Aku harus jujur mengatakan bahwa aku penikmat teh. Mulai dari green tea atau jasmine tea yang mahal hingga teh seduh tradisi bangsa. Catherine Douzel mengatakan bahwa  “A cup of tea represents an imaginary voyage”. Aku suka melihat hamparan kebuh teh yang hijau, dan melihat wanita-wanita paruh baya menggunakan caping topi petani memetik pucuk daun teh setiap pagi meyingsing. Teh begitu sederhana dan menenangkan. The bisa membuatmu bersemangat tapi bisa juga menenangkan. Bahkan ketika denyut jantungmu kencang berdebar karena tegang, takut, atau nervous, ketika menikmati segelas teh hangat, tiba-tiba perasaanku menjadi tenang. Aku menemukan dan seharusnya aku menyadarinya dari dulu bahwa aku menikmati aroma dan rasa TEH.

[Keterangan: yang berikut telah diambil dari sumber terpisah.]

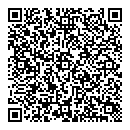 QR код "Оканит"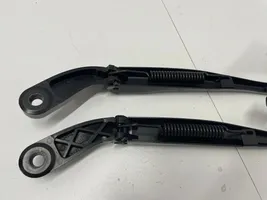 Dodge RAM Windshield/front glass wiper blade 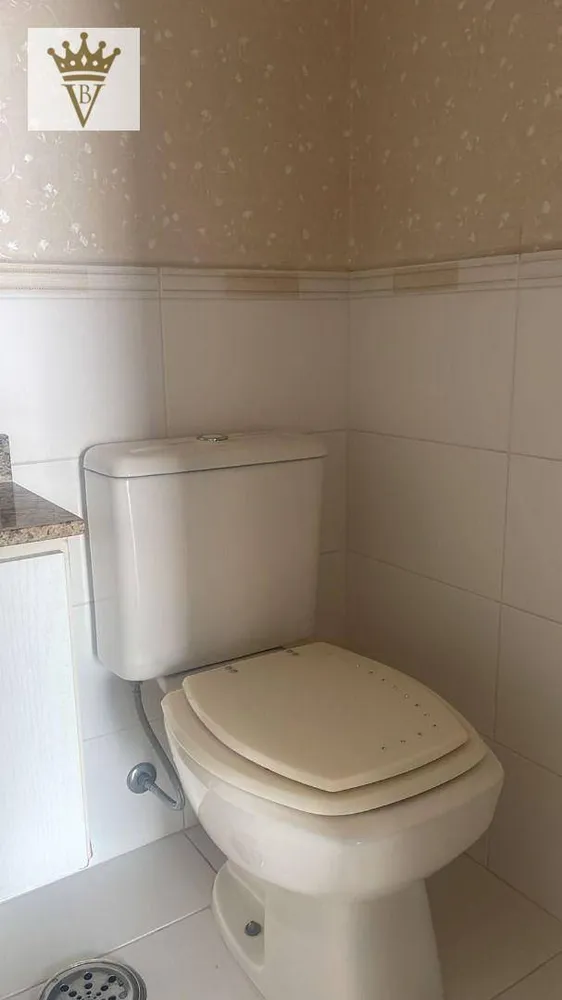 Apartamento, 3 quartos, 141 m² - Foto 12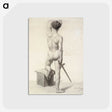 1-29_Albert-Edelfelt_postcard
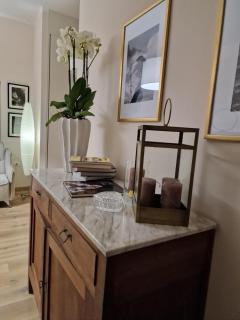 Guest House Canalis 17 - Oristano - 1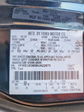 Ford Explorer 2008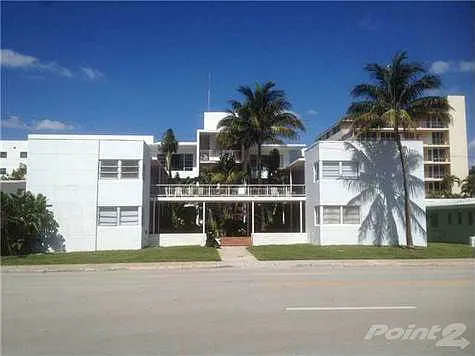 F1199763_101_12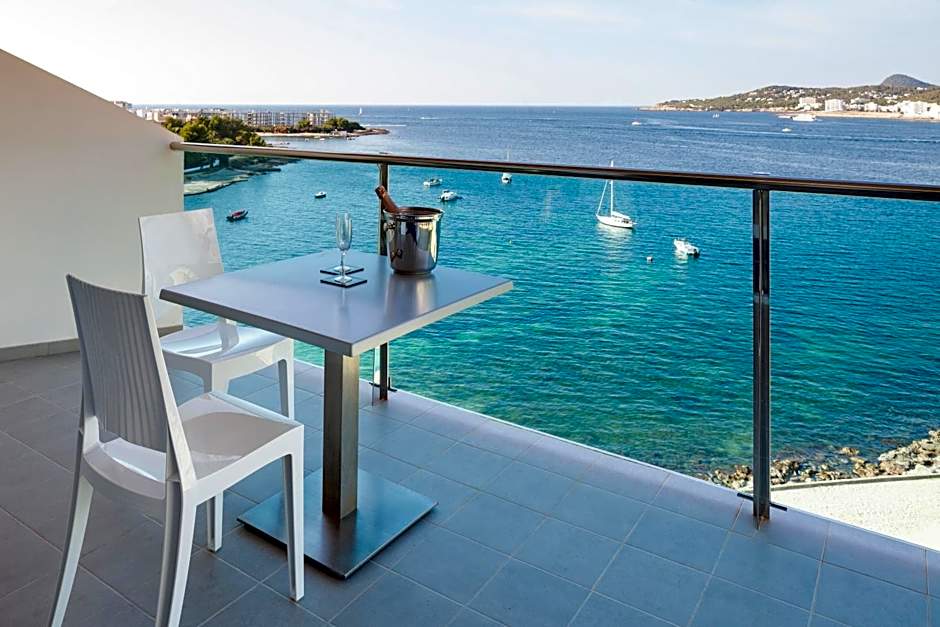 Axel Beach Ibiza - Adults Only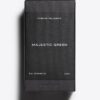 Zara Majestic Green - 100ml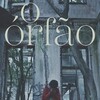 The Orphan [2018] / H264 / MKV / WEB / 1080p / AAC / Portuguese / Subs / CTM thumb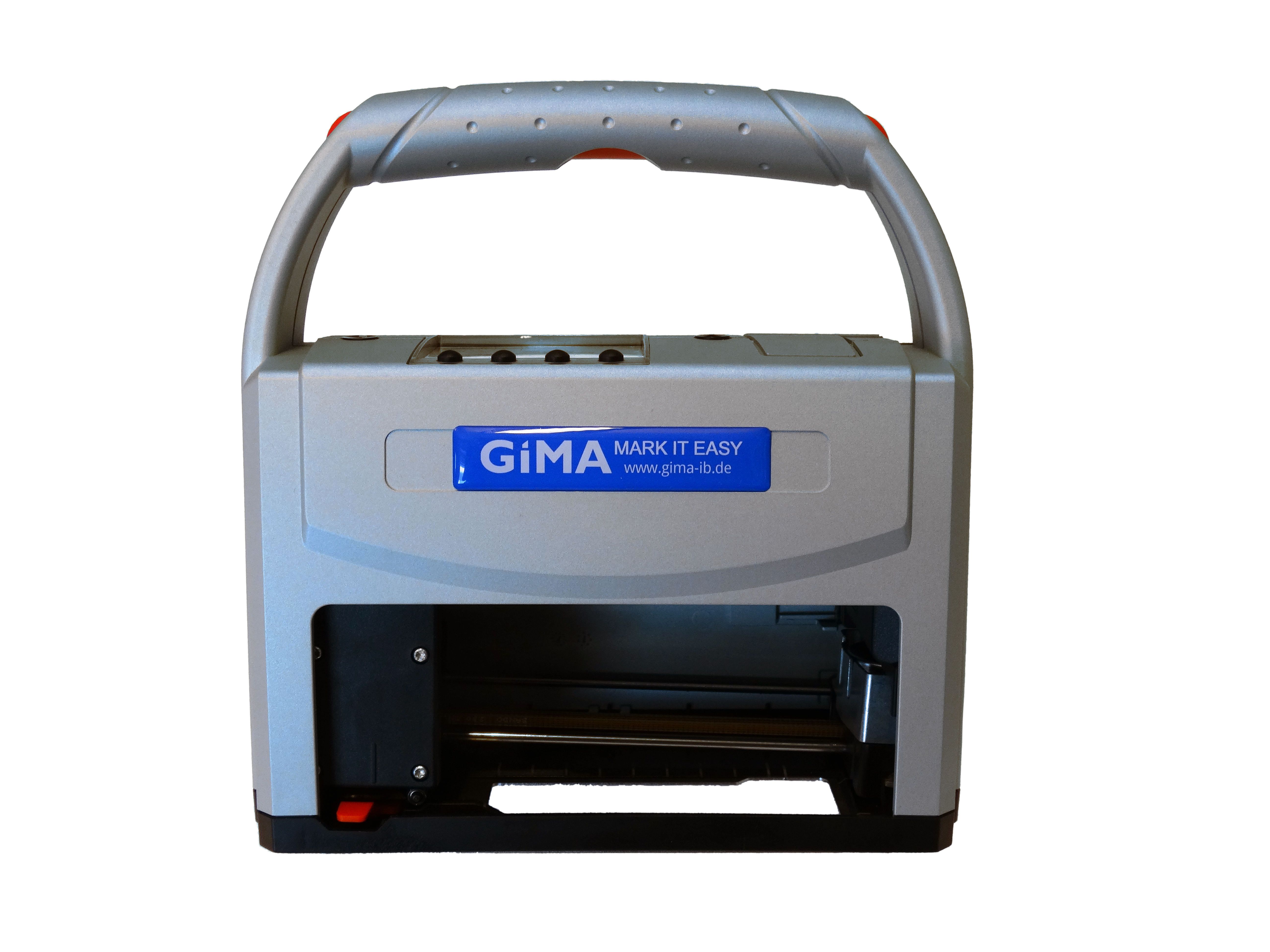 Handdrucker JetStamp 1025 MP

Tetapi memang minum teh tidak sekeren kopi dalam konteks gaya hidup, kalau bicara kesehatan tentu teh akan lebih popular, tapi tidak untuk lifestyle. Kini biarkah aku menjadi sesuatu yang membuatku nyaman. Dari dulu aku menutup wajahku dengan topeng dengan berpura-pura menikmati kopi ketika bergaul dengan teman-teman nongkrong di cafe. Tetapi sekarang aku ingin jujur pada diriku sendiri sekarang bahwa teh memberiku jawaban atas panggilanku. Apapun itu jujurlah pada dirimu sendiri, terhadap apa yang kamu lakukan. Jika tidak membuatmu nyaman dan tak menikmatinya  meskipun itu nampak “cool”, mengapa harus memaksakannya?